Why is Sea Kayaking Strumble Head a Pembrokeshire Classic?
Last week was the Pembrokeshire Classics week when we welcome a small group of experienced paddlers to join us in sea kayaking the best trips in Pembrokeshire. One of these trips is Strumble Head and on the first day (a warm up/ getting to know everyone type of day) I was asked “What makes Strumble Head one of the Classics?”
When you pull out the OS map for Strumble Head the first thing you will likely look for is where you can start and finish; with Goodwick Parrog or Lower Town Fishguard on one side of the Pencaer Peninsula there is no where with easy access for sea kayaks until you have sea kayaked 19km around to Abercastle. You might notice Abermawr on the map with a road to it but carrying sea kayaks up the narrow path there is something you only do once, unless it’s an emergency. There are lots of other small beaches to land on on the way for lunch or rest stops but with steep cliffs and or a long walk to the road from most of them they are not great as access or egress points with a sea kayak.
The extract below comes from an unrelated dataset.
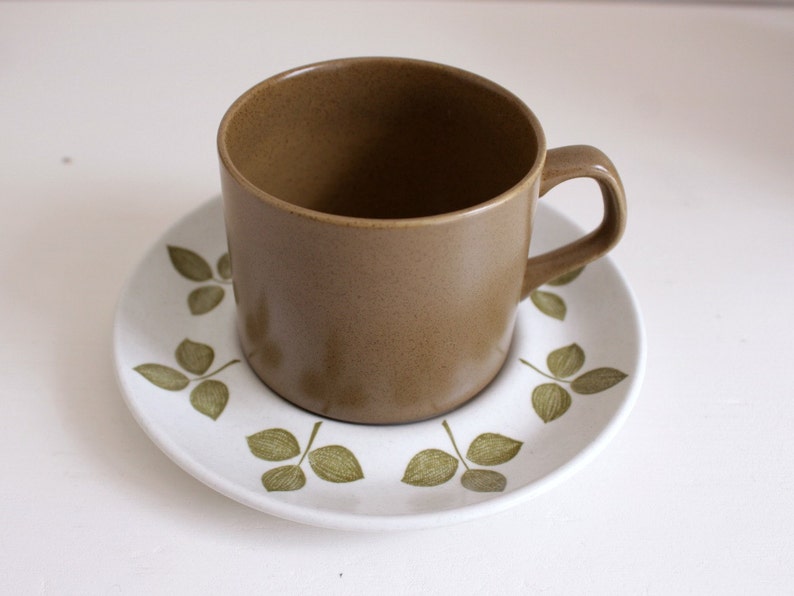 Vintage Coffee Set, Green Coffee Set, J&G Meakin Maidstone, Tulip Time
Add to this a tide that runs from Pen Anglas all the way to Strumble Head light house for 9 hours and the other way for only 3 hours; it immediately becomes apparent why most people sea kayak Strumble Head from Fishguard/ Goodwick to Abercastle. A quick look at a chart for the area will show you that there are lots of overfalls in the area and of course a big lighthouse! Traditionally we build lighthouses in areas that are exposed and remote. The fisherman in Goodwick will tell you that the tide around Strumble Head can be unpredictable, and with five currents all converging there, it is never the same twice. The crew on the lifeboat have similar warnings to tell you.
Having said that, when conditions are right you are rewarded with some of the best coastline in Pembrokeshire. Pen Anglas at low tide has spectacular basalt columns, much like the Giants Causeway in Ireland (although to see them the tides won’t work for you to paddle around Strumble Head in this direction) and Carreg Wasted Point is where the French landed in 1797; the Last Invasion of Britain and of course a lighthouse, which as sea kayakers we always have a fascination with. Sea kayaking down the West side of the Pen Caer Peninsular you pass Pen Brush which is full of Kittiwakes in the spring and early summer and past some of the highest cliffs in Pembrokeshire at Pwll Deri. This beach was “Barry” of Fishguard and Goodwick years ago when almost everyone living here used to go there as a child with their family; look for the path they used to access the beach and you’ll certainly see that health and safety concerns are certainly a modern concern. The small beaches you paddle past are are favourite for seals to haul onto to give birth to their pups in the Autumn.
After Penbwchdy the sea kayaker has to make a choice; to continue south south west a couple of kilometres from the shore with the tide or to come inside and paddle against the eddy and explore the rocky outcrops and caves between Abermawr and Abercastle. You will often find there’s a seal basking in the sun on the fisherman’s storage pot at Abercastle. Whichever option you choose you will arrive at Abercastle feeling like you’ve had a good days sea kayaking.